Buffalo News sportswriter Tom Borrelli fell while climbing a steep set of stairs on Nov. 8, 2008, at Buffalo’s All High Stadium where he was covering a football game.

Borrelli was trying to enter the stadium’s press box. To get there, reporters have to climb 13 steep metal stairs, prop open a hatch and walk across an unprotected walkway on the stadium roof.

Borrelli apparently hit his head at the top of the stairs and fell down them.

The reporter was paralyzed from the neck down after the fall and died of his injuries 12 days later.

Now OSHA has issued a fine — not against Buffalo public schools, but against the newspaper for sending Borrelli to cover the game. Total fine: $31,500.

OSHA found that:

  • fixed stairways were less than 22 inches wide
  • fixed stairs were installed at an angle to the horizontal greater than 50 degrees
  • stair railings and handrails were not installed according to regulation; instead there was a single pipe-rail 26 inches above the stair tread
  • fixed stairs did not have at least 7 feet of vertical clearance between the stair treads and the overhead obstructions, and
  • a side-hinged door was not used at the top of the stairs; instead, there was a hatchway.

Obviously, the newspaper had no control over any of that.
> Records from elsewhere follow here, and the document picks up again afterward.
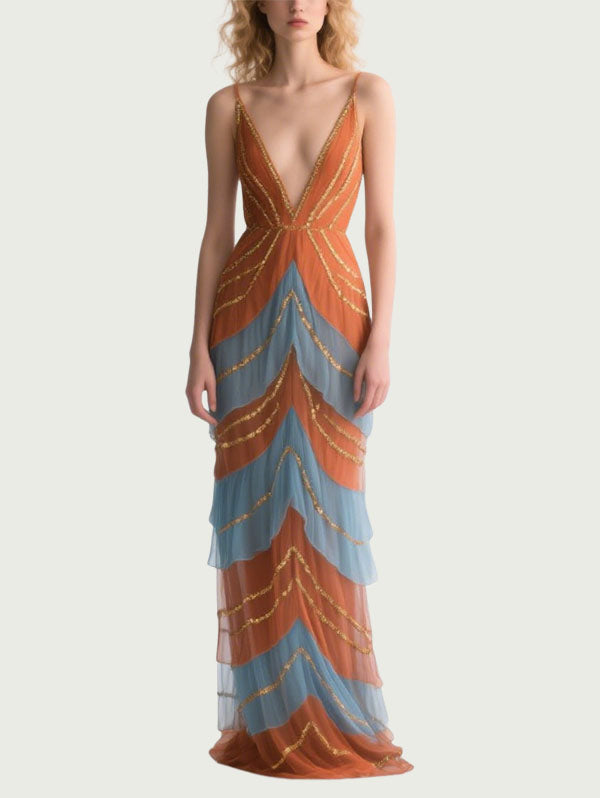 Orange & Blue Tiered Tulle Gown Plunging V-neck Formal Dress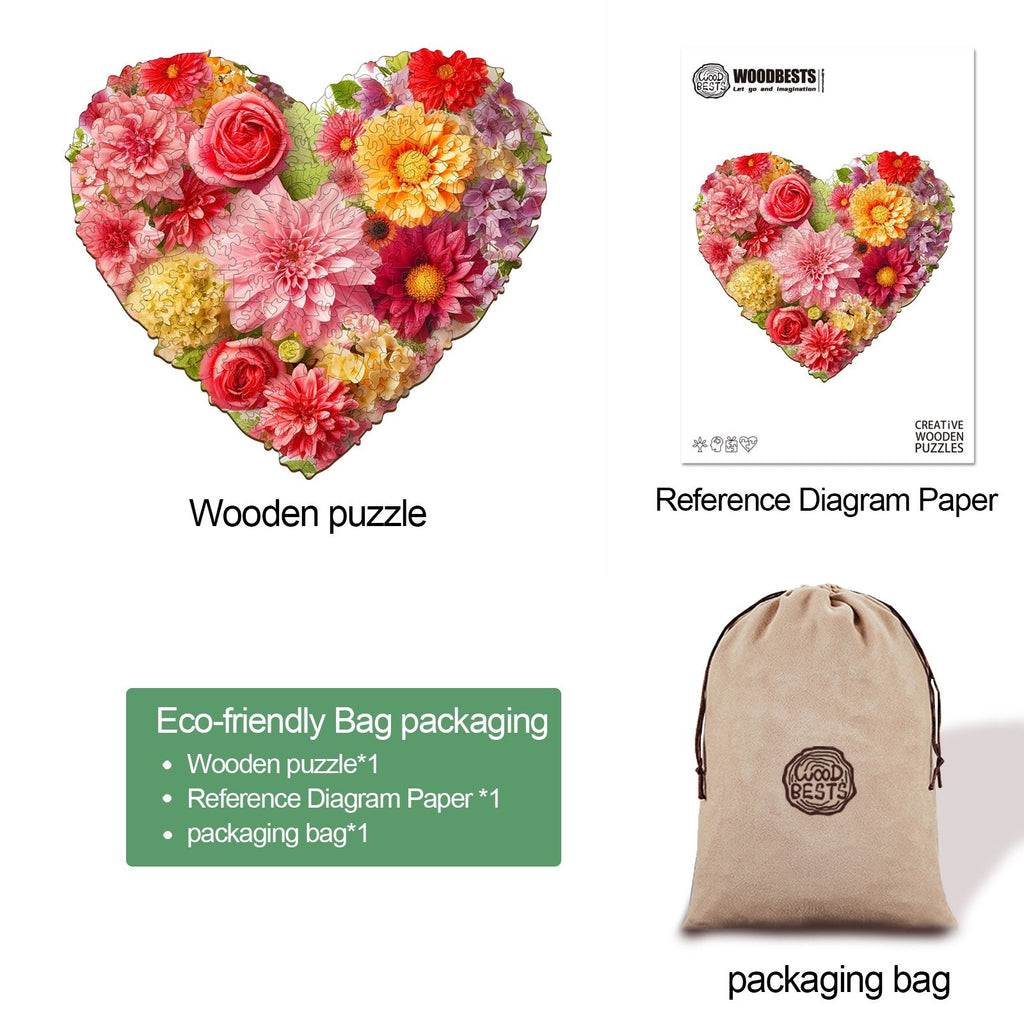 Flower Heart -3 Wooden Jigsaw Puzzle
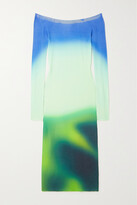 Thumbnail for your product : Off-White Off-the-shoulder Printed Stretch-knit Midi Dress - Green - IT36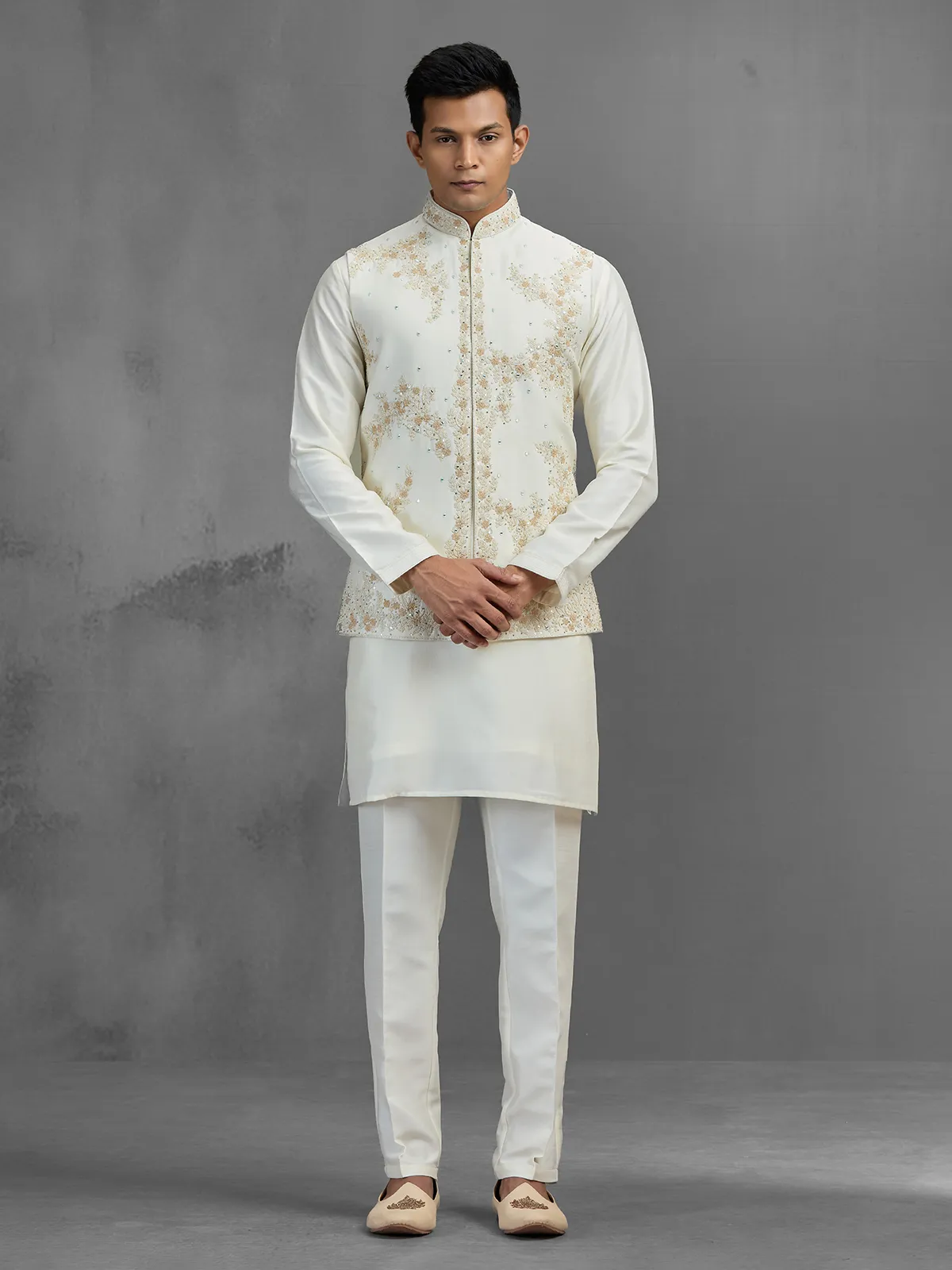 Cream linen aabla embroidered festive waistcoat set for men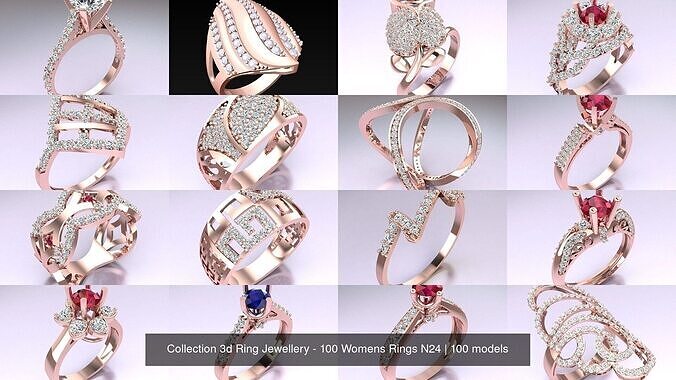 Collection 3d Ring Jewellery - 100 Womens Rings N24 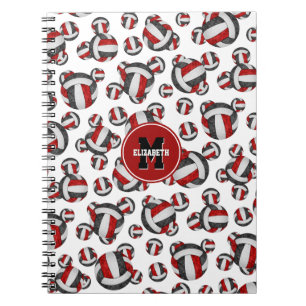 Red Black Girls Volleyball Team Farben personalisi Notizblock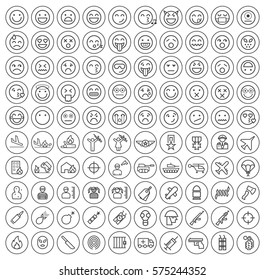 Set of 100 Isolated Minimal Modern Simple Elegant Black Stroke Icons on Circles on White Background ( Emoticons , War and Terrorism )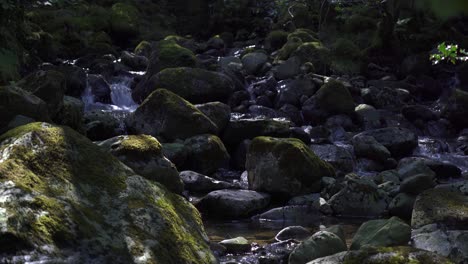 Delightful-flowing-stream-over-moss-rocks-in-the-Lake-District,-Cumbria,-England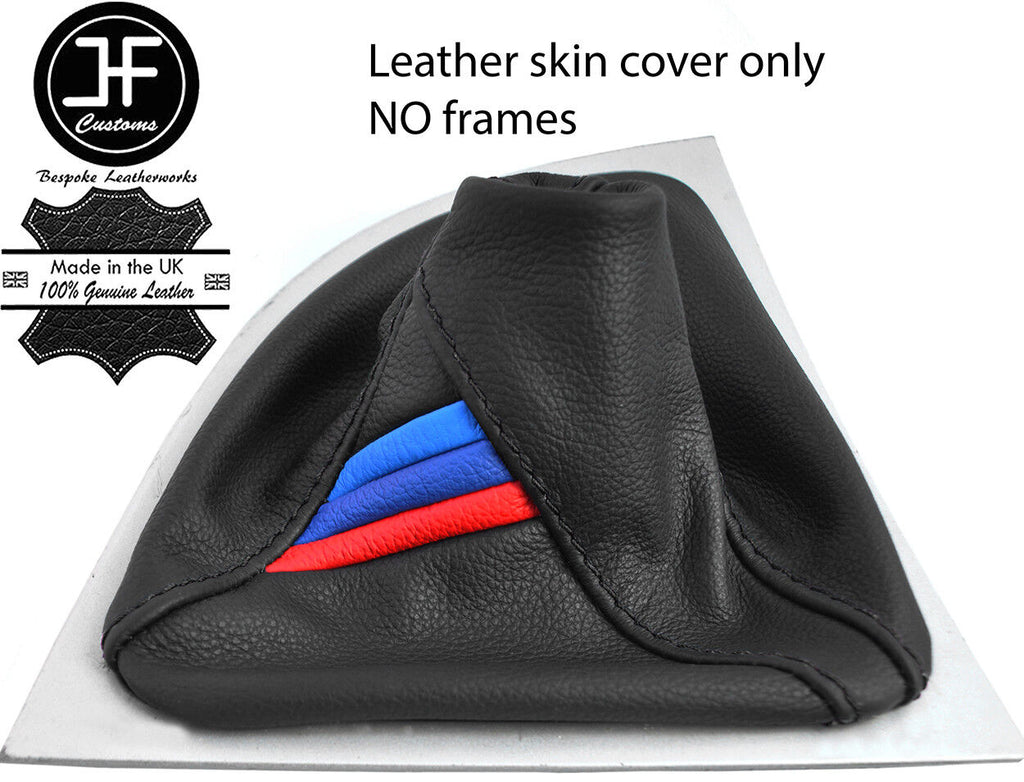 BLACK STITCHING TRI STRIPES LEATHER GEAR GAITER FOR BMW 1 SERIES E81 E82 E87 E88
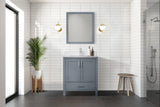 Jacques 30 in. Freestanding Bathroom Vanity with White Quartz Top, White Square Sink
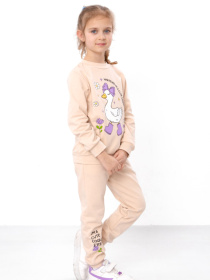 Утеплений костюм для дівчинки зі світшотом та штанами з принтом, Бежевий Носи Своє (6063-023-33-3) модель 6063-023-33-3-kremovij-cute Фото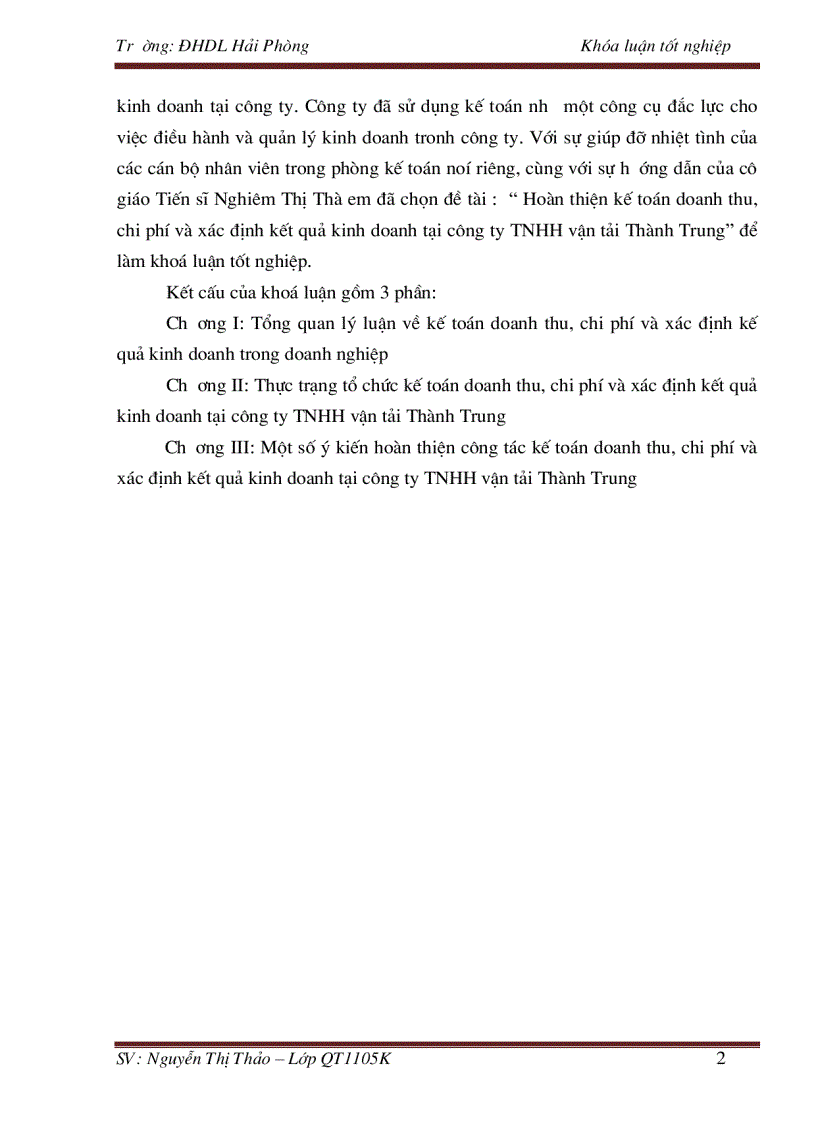 image for page Hoàn thiện kế toán doanh thu chi phí và xác định kết quả kinh doanh tại công ty TNHH vận tải Thành Trung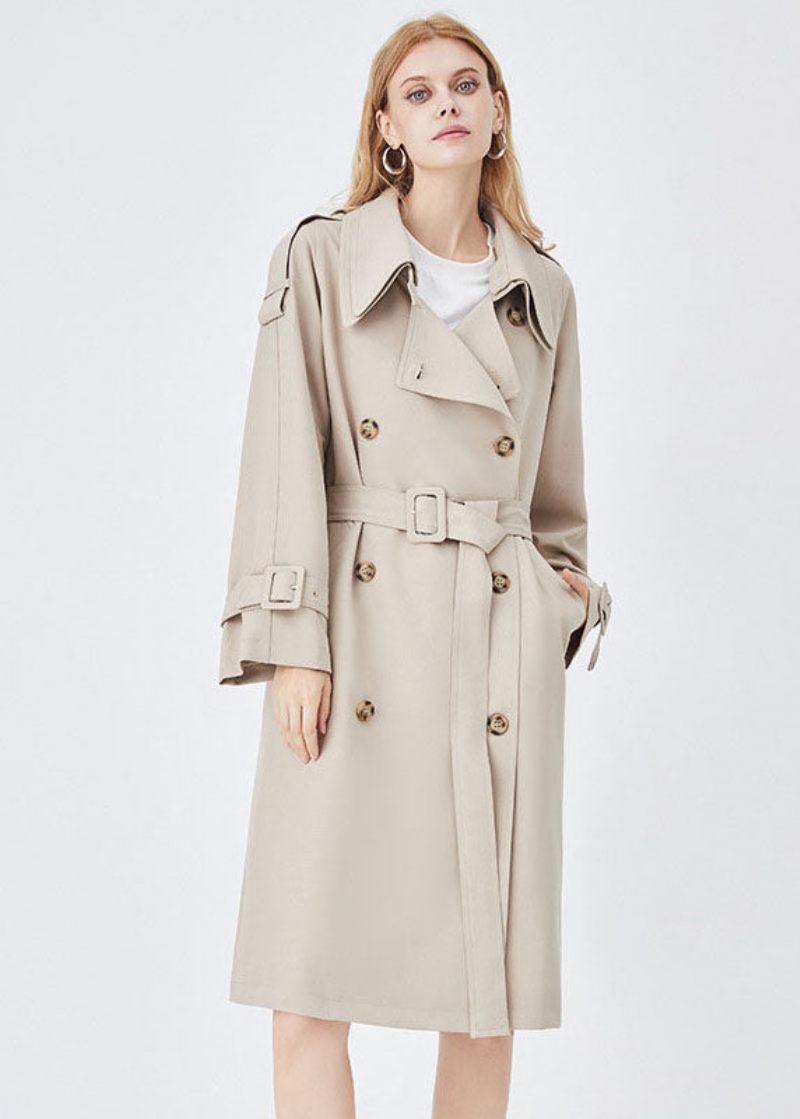 Chic Aprikos Dubbellagerkrage Dubbelbröst Bomull Cinch Trench Spring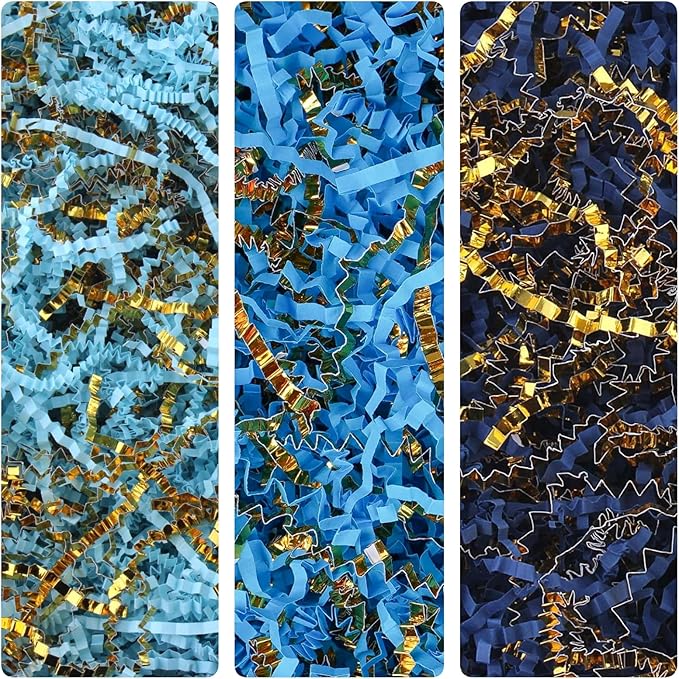 Crinkle Cut Paper Shred Filler 8 oz (1/2 lb) Gift Wrapping & Gift Basket Filler for Christmas, Halloween & Wedding Decorations,Easter Basket Grass Filler ,Crafting Activities (Lake Blue and Gold)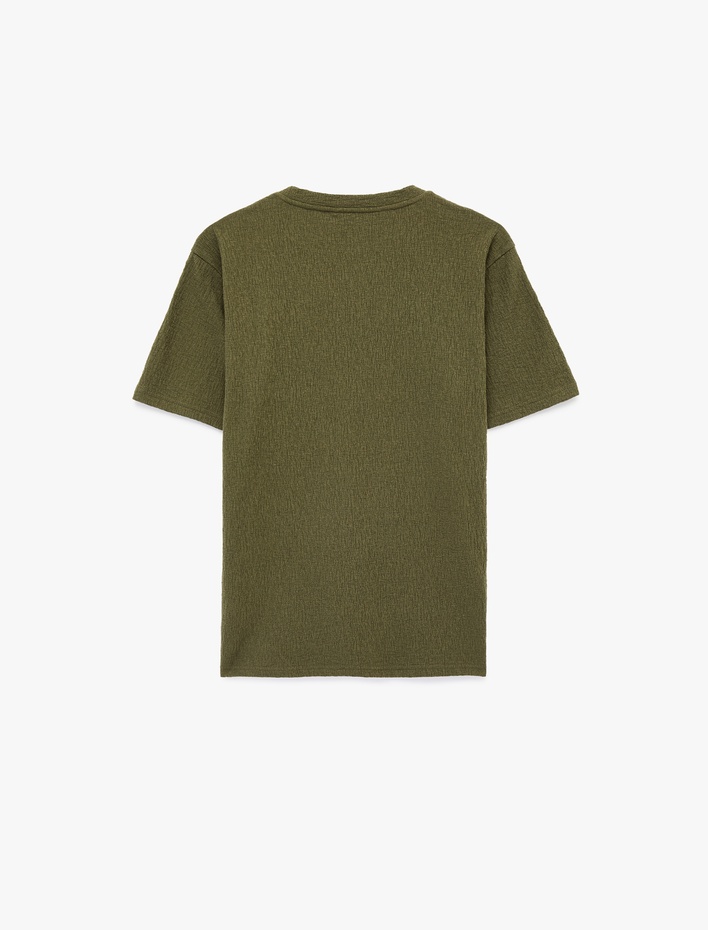  Kısa Kollu Dokulu Bisiklet Yaka Slim Fit Tişört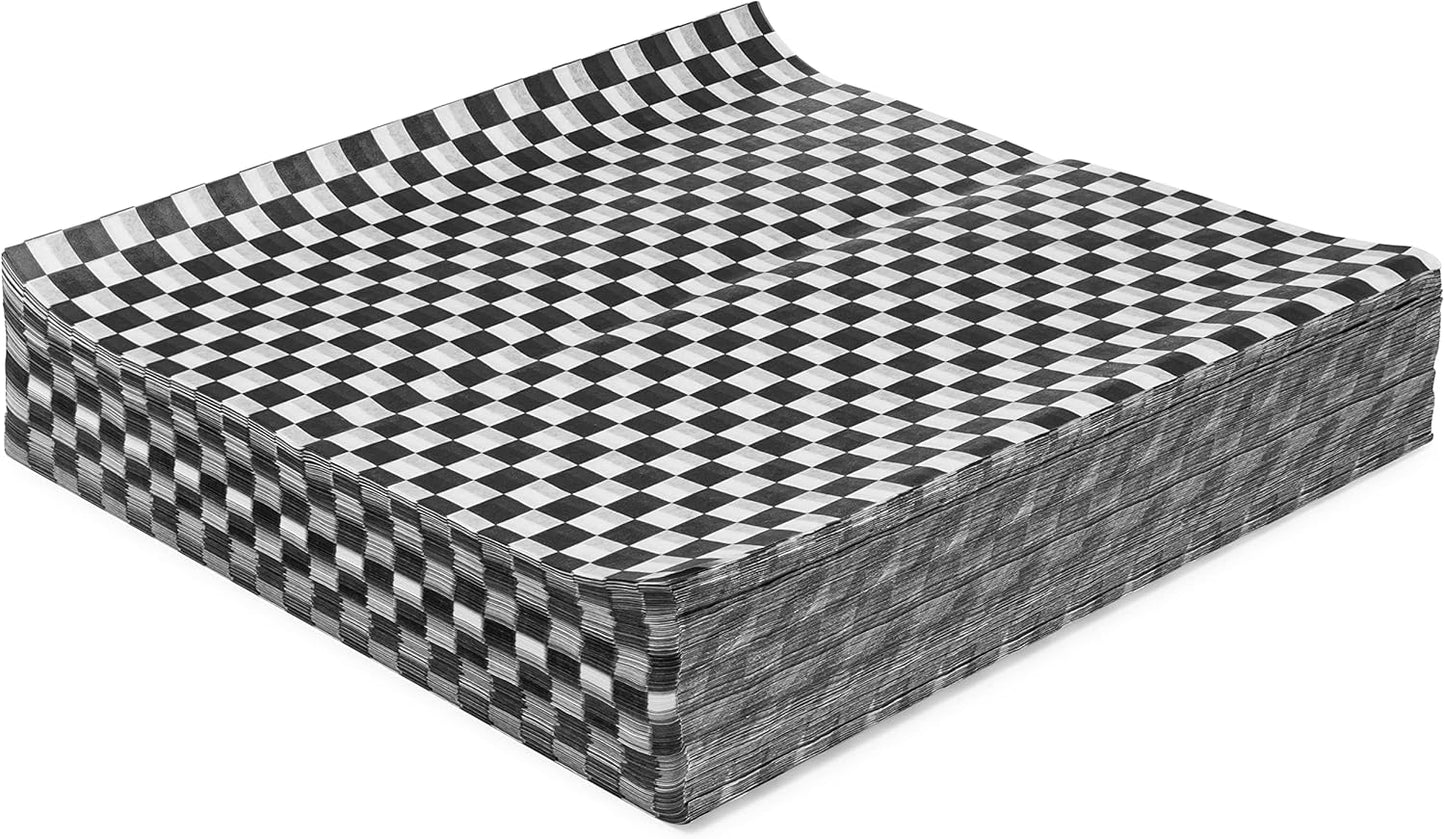 PFAS-Free Black Checkers Deli Sandwich Wrap Paper Sheets 1000 Count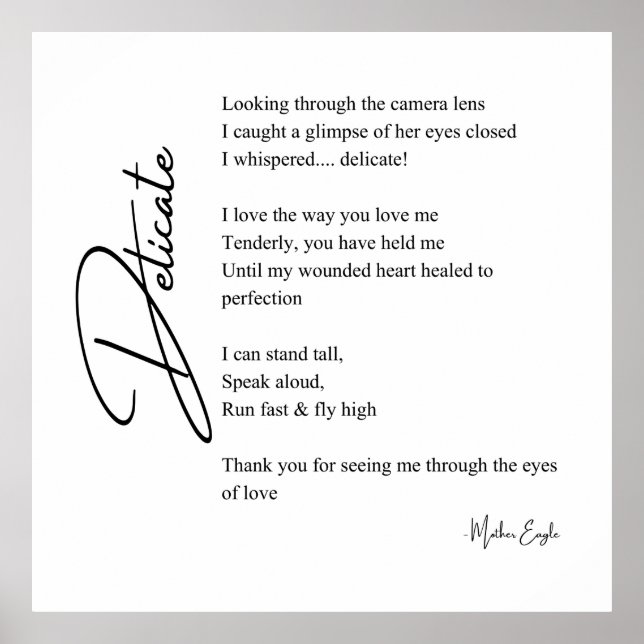 Fintvätt i Kärlek Dikt, väggkonst Poster dekoratio (Framsidan)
So what’s the reasoning behind fining the newspaper?

“Reporters were exposed to the hazards of falls and head injuries whenever they used the press box,” said Arthur Dube, regional director of OSHA’s Buffalo office.

“The newspaper was aware of these conditions. [It] should have prevented the reporters from using the stairs and the press box until they were corrected,” Dube said.

Buffalo News editor Margaret Sullivan called OSHA’s fine “illogical.”

She notes that reporters are sent into all sorts of situations, including covering wars, that newspapers can’t control.

A lawyer for Borrelli’s family says a lawsuit against the school district is pending. The family says it has no intention of suing the newspaper because Borrelli was just performing the job he loved on the day of his fatal injury.

The school district has been cited with serious violations by the state and is under order to repair the stairs by July.

Reporters aren’t the only workers who are sent to conduct their jobs off-site. All sorts of contractors and repair people do this every day, as do salespeople.

Imagine being fined by OSHA because your employee suffered a work injury that didn’t happen on your property.